Gratifiée d’une fille, Marie, et de trois garçons, Jean, François, Henri, la famille s’est agrandie au fil des mariages et des naissances. Lors des fêtes familiales un joyeux désordre s’empare de la maison, avec l’acmé des vacances d’été et le tourbillon de Noël. Écrire demande du recueillement. La chambre parentale à l’étage fit longtemps office de lieu d’écriture avant qu’une annexe du logis principal qui servit autrefois de remise à outils, ou à divers objets dont l’usure du temps avait fait perdre l’usage et jusqu’au sens, eût été aménagée en bureau. Une fenêtre, percée dans le mur extérieur, ouvre sur la longue courbe d’un pré où l’on peut voir parfois paître quelques salers à la robe foncée, et le bourrelet boisé annonçant la plongée vers les gorges de la Dordogne. Autant la pièce est petite, une table, une chaise, un cendrier qui déborde, un thermos de café, autant la vue s’élargit sur de vastes espaces. Le souffle de l’infini entre par la fenêtre.
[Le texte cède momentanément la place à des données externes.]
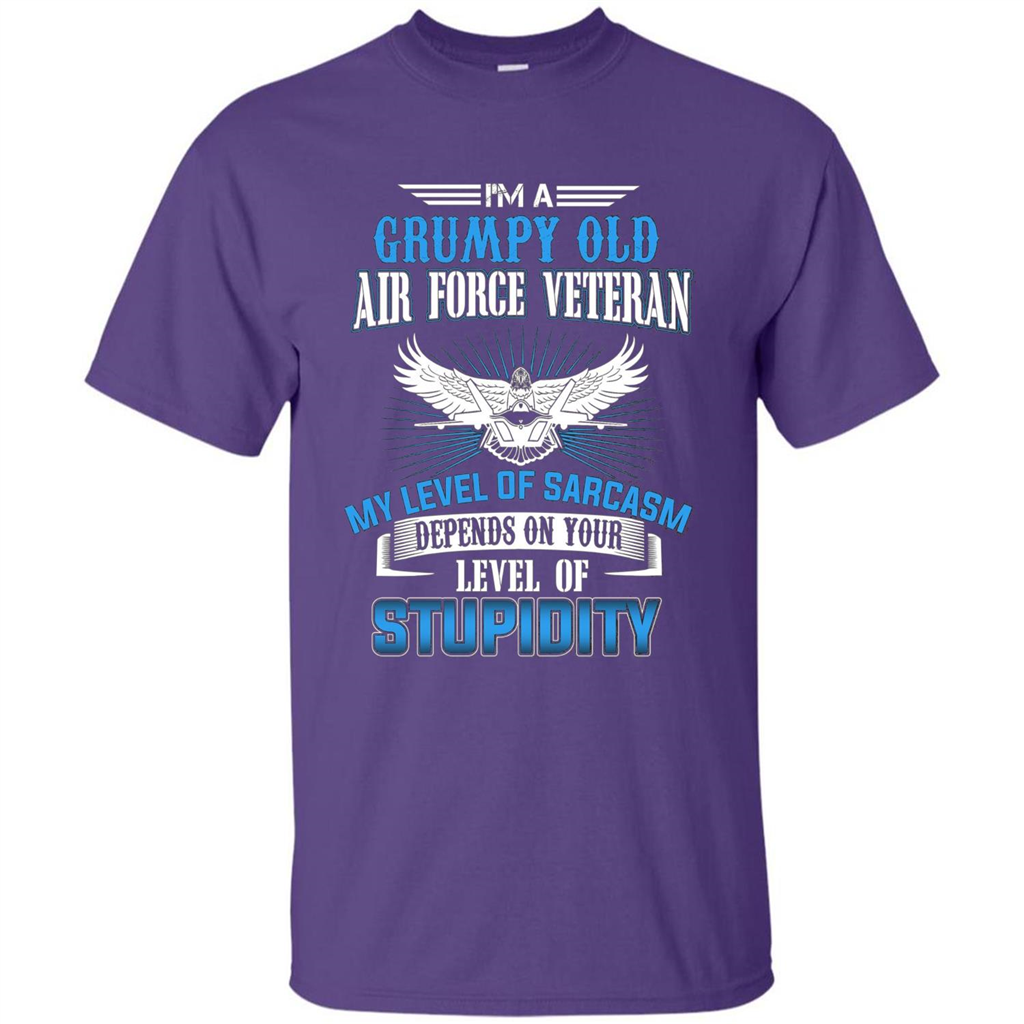 I'm A Grumpy Old Air Force Veteran T-shirt Purple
La célébration de Noël commence par l’installation du sapin que les fils vont couper dans un bois voisin. Il sera, quelques jours durant, l’hypercentre de la grande pièce à vivre, entre le cantou et la table à manger. On se pousse du coude pour le décorer, on veut laisser sa griffe dans l’accroche des boules miroitant la lumière, et des flots de guirlandes qui l’habillent. La crèche, bien sûr, est en bonne place, les santons sortis de leur hibernation répètent, année après année, l’histoire de la nativité. Le respect de la tradition et une foi catholique qui doit plus à la France des clochers et sa beauté mystique qu’à l’allégeance à l’Église[7], ajoutent leur touche de spiritualité aux festivités à venir.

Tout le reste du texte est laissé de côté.